Mobile Trojan Virus Android.Bankosy Intercepts One-Time Passwords

Posted By Denis Shokotko on Feb 8, 2016 | 5 comments

We store a lot of important information in the network: personal correspondence, photos, documents. For the most part, these are spiritual values – precious memories and the fruits of hours-long labor. But the Internet also stores rather concrete financial ‘matters’: our money.

Today many people use online banking, as it is convenient to transfer funds, to pay for the services, and to control your accounts online. It is no wonder that the fraudsters of all sorts pay special attention to the bank online resources and tirelessly attack them, constantly coming up with something new.

Not so long ago, a new version of the mobile trojan called Android.Bankosy was discovered.

What is dangerous in the trojan virus Android.Banksy

This virus intercepts one-time passwords used in banking applications for two-factor authentication (2FA).

A temporary OTP passwords used for the two-step authentication of the user are often sent via the text messages. Earlier, different versions of the banking trojan viruses, with Android.Bankosy being among them, have learned to intercept the authentication code sent this way.

In response to this threat, the cyber security specialists have developed and introduced systems that send one-time passwords via voice calls from the bank.

It seems that a reliable data protection was ensured. But as it has turned out even an advanced one-time passwords delivery means are not a barrier for hackers. The creators of the mobile trojan virus Android.Bankosy taught it to overcome this new type of protection.
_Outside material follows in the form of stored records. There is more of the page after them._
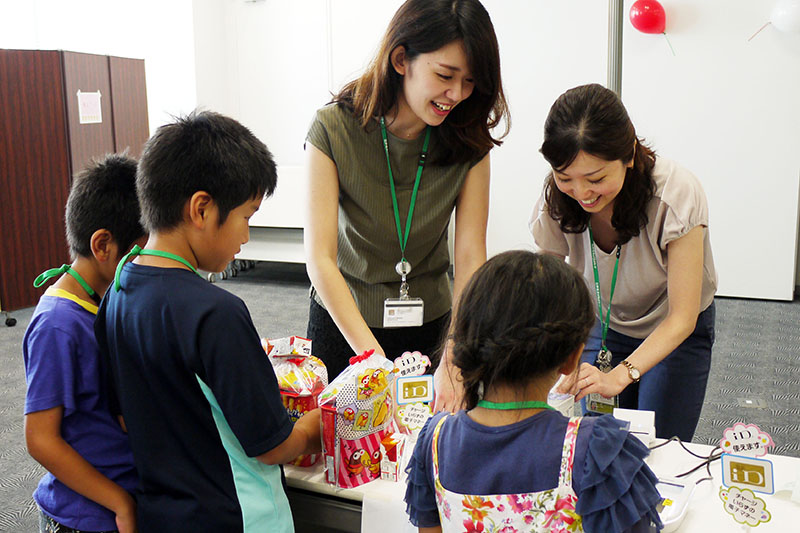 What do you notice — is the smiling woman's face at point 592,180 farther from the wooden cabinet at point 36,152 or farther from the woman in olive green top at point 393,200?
the wooden cabinet at point 36,152

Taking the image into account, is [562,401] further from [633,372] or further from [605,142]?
[605,142]

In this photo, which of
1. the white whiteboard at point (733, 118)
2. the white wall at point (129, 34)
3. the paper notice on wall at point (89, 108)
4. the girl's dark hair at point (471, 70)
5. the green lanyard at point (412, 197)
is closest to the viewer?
the girl's dark hair at point (471, 70)

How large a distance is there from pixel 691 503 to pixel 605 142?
0.73 m

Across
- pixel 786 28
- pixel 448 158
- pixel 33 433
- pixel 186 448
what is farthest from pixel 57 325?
pixel 786 28

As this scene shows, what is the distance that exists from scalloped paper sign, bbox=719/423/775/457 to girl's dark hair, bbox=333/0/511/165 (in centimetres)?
84

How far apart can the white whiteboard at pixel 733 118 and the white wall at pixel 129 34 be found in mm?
3754

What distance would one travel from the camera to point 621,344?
1834mm

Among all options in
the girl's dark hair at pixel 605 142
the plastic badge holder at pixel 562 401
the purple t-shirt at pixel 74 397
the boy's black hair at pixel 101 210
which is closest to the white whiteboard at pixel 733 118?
the girl's dark hair at pixel 605 142

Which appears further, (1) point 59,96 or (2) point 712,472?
(1) point 59,96

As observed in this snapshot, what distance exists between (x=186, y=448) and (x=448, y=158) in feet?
3.05

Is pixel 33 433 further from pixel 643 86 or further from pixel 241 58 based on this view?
pixel 241 58

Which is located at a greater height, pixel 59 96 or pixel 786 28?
pixel 786 28

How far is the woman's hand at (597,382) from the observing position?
1.53 m

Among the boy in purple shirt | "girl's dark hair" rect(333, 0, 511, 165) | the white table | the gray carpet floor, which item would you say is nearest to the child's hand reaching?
the boy in purple shirt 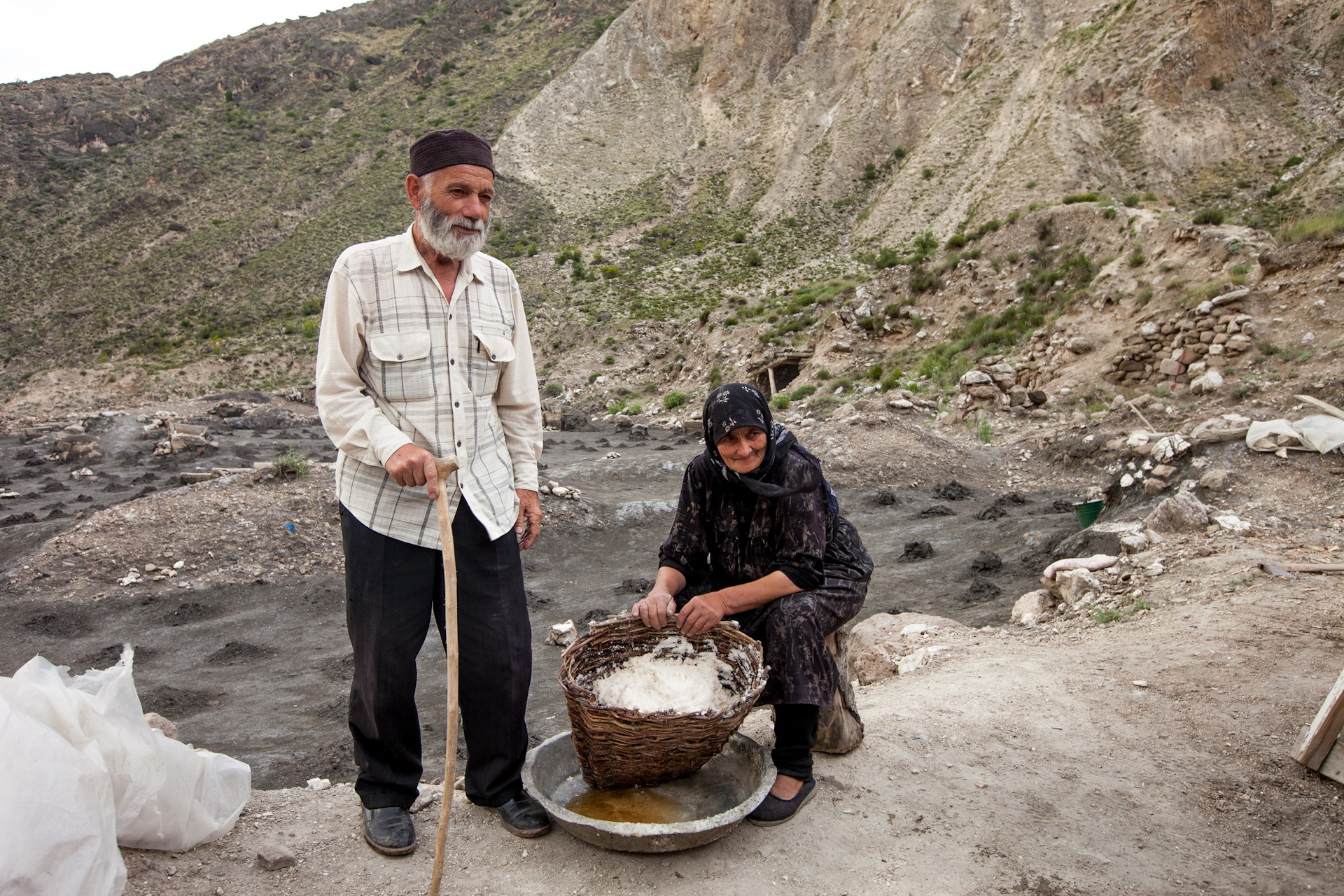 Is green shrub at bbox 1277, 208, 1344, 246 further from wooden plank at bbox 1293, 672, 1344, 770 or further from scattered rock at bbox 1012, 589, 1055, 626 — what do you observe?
wooden plank at bbox 1293, 672, 1344, 770

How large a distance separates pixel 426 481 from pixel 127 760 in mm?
1052

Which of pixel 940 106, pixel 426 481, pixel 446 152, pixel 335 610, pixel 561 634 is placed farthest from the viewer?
pixel 940 106

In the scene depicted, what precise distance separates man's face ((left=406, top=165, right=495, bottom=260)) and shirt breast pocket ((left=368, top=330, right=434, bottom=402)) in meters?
0.26

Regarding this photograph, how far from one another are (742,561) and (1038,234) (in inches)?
615

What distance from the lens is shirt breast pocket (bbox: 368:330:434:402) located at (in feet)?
7.02

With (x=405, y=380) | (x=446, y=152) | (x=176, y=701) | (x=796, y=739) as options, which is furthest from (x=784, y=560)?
(x=176, y=701)

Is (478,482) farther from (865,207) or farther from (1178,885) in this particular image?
(865,207)

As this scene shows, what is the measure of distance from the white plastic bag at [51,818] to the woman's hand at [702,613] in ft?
4.94

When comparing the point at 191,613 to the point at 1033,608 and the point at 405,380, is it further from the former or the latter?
the point at 1033,608

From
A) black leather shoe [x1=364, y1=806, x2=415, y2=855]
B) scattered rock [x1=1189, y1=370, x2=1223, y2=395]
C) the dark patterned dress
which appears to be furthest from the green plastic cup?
black leather shoe [x1=364, y1=806, x2=415, y2=855]

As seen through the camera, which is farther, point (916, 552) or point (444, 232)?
point (916, 552)

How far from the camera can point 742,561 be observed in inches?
104

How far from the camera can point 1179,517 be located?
516 centimetres

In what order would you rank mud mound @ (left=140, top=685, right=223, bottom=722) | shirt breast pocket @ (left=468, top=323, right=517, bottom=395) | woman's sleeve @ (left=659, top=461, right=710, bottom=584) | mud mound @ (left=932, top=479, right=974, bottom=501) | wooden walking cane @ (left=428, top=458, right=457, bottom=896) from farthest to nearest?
1. mud mound @ (left=932, top=479, right=974, bottom=501)
2. mud mound @ (left=140, top=685, right=223, bottom=722)
3. woman's sleeve @ (left=659, top=461, right=710, bottom=584)
4. shirt breast pocket @ (left=468, top=323, right=517, bottom=395)
5. wooden walking cane @ (left=428, top=458, right=457, bottom=896) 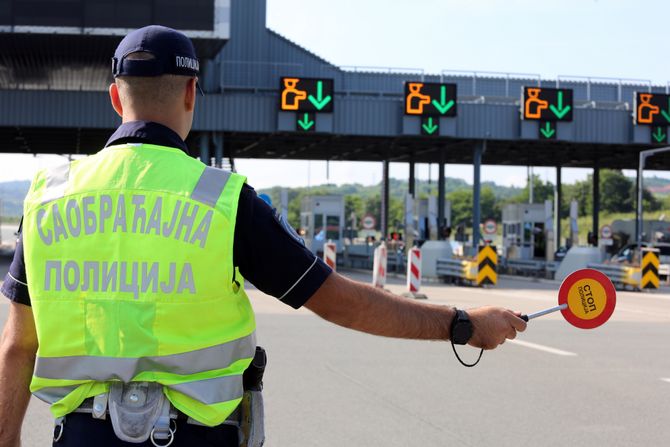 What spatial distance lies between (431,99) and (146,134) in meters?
28.7

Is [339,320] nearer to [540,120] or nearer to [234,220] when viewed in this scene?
[234,220]

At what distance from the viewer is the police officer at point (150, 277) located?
2.30 m

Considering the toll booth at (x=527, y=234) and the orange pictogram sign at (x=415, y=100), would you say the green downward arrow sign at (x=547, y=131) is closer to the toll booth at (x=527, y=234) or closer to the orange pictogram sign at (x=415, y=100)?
the orange pictogram sign at (x=415, y=100)

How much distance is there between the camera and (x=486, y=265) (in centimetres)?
2605

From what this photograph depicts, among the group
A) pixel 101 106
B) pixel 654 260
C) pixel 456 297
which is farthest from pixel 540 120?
pixel 101 106

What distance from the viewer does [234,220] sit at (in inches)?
93.0

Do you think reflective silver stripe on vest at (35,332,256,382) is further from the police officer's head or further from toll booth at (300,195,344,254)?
toll booth at (300,195,344,254)

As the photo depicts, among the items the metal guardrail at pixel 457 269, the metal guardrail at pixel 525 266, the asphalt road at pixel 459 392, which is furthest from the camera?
the metal guardrail at pixel 525 266

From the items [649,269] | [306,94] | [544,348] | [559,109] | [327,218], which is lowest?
[544,348]

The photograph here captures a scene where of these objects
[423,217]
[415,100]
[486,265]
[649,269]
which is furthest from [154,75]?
[423,217]

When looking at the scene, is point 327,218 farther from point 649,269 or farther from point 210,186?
point 210,186

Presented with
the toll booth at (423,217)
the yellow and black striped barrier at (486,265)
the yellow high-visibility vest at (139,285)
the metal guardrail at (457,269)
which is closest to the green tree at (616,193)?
the toll booth at (423,217)

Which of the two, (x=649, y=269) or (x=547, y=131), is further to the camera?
(x=547, y=131)

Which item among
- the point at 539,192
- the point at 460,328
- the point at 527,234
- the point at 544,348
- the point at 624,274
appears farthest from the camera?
the point at 539,192
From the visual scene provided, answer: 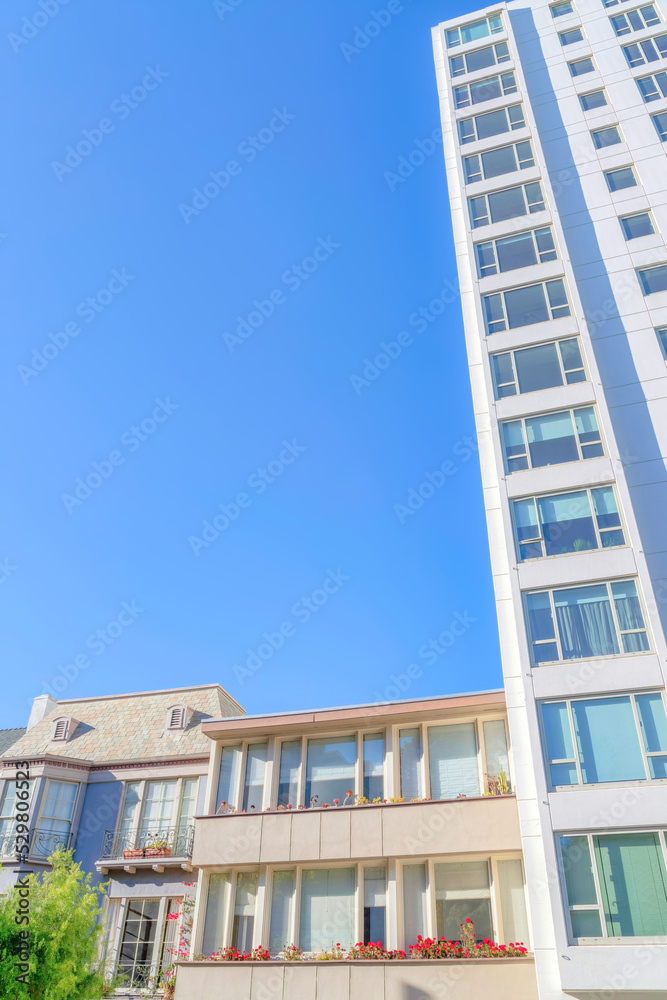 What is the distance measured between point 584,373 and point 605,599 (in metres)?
6.68

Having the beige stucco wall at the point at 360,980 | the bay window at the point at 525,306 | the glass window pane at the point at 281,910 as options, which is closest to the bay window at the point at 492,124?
the bay window at the point at 525,306

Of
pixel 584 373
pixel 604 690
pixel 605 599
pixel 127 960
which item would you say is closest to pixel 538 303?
pixel 584 373

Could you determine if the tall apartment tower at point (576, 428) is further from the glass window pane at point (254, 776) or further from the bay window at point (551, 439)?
the glass window pane at point (254, 776)

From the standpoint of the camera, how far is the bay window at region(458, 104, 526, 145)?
27.5 m

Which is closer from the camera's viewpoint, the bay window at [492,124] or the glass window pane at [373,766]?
the glass window pane at [373,766]

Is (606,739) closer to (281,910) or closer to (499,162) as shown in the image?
(281,910)

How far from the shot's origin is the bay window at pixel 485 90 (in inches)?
1141

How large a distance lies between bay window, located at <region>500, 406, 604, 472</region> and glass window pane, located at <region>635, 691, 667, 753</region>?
6287mm

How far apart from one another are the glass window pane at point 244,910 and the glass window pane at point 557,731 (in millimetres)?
8887

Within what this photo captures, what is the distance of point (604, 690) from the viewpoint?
15.8 metres

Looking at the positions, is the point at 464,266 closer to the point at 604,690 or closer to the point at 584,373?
the point at 584,373

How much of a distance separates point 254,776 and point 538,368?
1397 centimetres

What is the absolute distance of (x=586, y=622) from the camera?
16.9 metres

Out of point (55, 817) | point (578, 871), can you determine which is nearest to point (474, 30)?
point (578, 871) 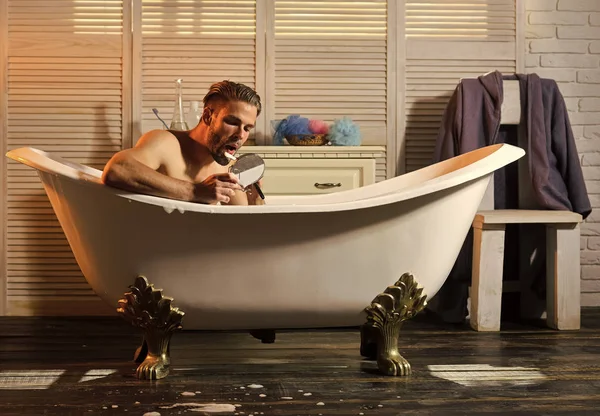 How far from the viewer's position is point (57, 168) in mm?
2150

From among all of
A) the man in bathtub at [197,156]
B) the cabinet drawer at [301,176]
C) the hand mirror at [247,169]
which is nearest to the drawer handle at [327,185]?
the cabinet drawer at [301,176]

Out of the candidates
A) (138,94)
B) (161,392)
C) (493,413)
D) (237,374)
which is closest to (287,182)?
(138,94)

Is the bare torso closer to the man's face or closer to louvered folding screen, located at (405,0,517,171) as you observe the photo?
the man's face

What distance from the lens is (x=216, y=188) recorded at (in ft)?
7.04

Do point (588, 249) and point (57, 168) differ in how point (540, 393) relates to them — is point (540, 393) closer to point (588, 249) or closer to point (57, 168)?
point (57, 168)

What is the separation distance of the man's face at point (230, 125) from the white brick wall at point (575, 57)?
1895 millimetres

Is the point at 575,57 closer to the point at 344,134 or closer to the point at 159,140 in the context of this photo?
the point at 344,134

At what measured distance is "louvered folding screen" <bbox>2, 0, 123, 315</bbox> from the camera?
347 cm

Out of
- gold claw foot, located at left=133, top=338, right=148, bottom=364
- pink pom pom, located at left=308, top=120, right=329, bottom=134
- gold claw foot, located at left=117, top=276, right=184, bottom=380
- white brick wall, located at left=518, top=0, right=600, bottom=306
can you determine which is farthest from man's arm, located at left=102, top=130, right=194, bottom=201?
white brick wall, located at left=518, top=0, right=600, bottom=306

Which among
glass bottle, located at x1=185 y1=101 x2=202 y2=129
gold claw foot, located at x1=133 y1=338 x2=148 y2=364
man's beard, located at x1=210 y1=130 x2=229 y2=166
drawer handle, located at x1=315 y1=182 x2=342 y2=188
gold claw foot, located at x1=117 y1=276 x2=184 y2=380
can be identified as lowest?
gold claw foot, located at x1=133 y1=338 x2=148 y2=364

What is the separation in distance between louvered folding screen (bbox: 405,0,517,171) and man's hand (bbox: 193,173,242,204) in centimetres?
161

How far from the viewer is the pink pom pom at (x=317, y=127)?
334 cm

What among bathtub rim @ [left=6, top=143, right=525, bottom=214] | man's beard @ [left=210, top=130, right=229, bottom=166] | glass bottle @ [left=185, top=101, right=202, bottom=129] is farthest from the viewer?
glass bottle @ [left=185, top=101, right=202, bottom=129]

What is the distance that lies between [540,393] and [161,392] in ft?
3.48
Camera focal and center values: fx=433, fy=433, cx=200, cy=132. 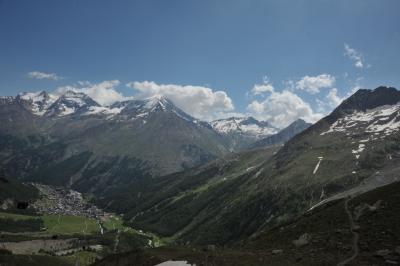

The current version of this virus is capable of intercepting calls from the bank server. Moreover, Android.Bankosy can turn off the sound on your phone, and lock the device’s screen if there is a call from the bank number. Thus, the client even won’t find out he received a code, and the fraudsters will carry out further actions on the account on behalf of the client.

How to protect data from the banking trojan Android.Bankosy

What can a regular user of online banking oppose to the hackers armed with the most modern tools? As is known, the best tools are usually the simplest. But sometimes we either forget or are too lazy to use them. Perhaps, considering them not effective enough. But they work. And work quite reliably.

1. Keep your smartphone secure from viruses.

To get the control over the victim’s phone, the trojan virus should, first of all, penetrate in it. This can be done in a standard for all viruses way: as part of a harmless and even useful application. The official stores carefully control their software. The applications they offer are rarely infected with viruses. Thus, we must resist the temptation, and do not download programs from the doubtful websites. This is especially true for the charged software. Do not forget about free cheese in a mousetrap. If you install the virus like the Android.Bankosy on your gadget, you can lose a lot more money than you need to buy the app you liked.

2. Use strong authentication.

The example of the virus Android.Bankosy proves that even 2-factor authentication cannot always protect you from the intruders. Indeed, the familiar methods of obtaining OTP passwords via text messages (and even voice calls) are not completely reliable.

That happens because modern hackers are able to get into the mobile phone network and transfer the call in the desired direction. Telephone communication channels are usually open and the information is transferred via them in an unencrypted form.

Another thing is the OTP token. Of course, a hardware one-time password generator is not free. But it provides a serious level of protection. It works autonomously from the Internet and telephone networks. And thus, fraudsters won’t manage to infect your device with the virus.

An alternative to a paid hardware token is an application for smartphone – a software OTP token. For example, Protectimus SMART by Protectimus is absolutely free, but at the same time, able to provide a high-level of security during the two-way authentication. The data signature function contributes to its reliability greatly. One-time passwords are generated on the basis of the key parameters of a particular transfer such as the sum of transferred money, the IP-address of the sender, the time of operation or a current account balance.

Although the application is installed on the smartphone, which may already be infected with viruses, a CWYS function (data signature) will make the intercepted password useless for fraudsters as the data of their fake transaction, of course, will be quite different from that real used when creating the password.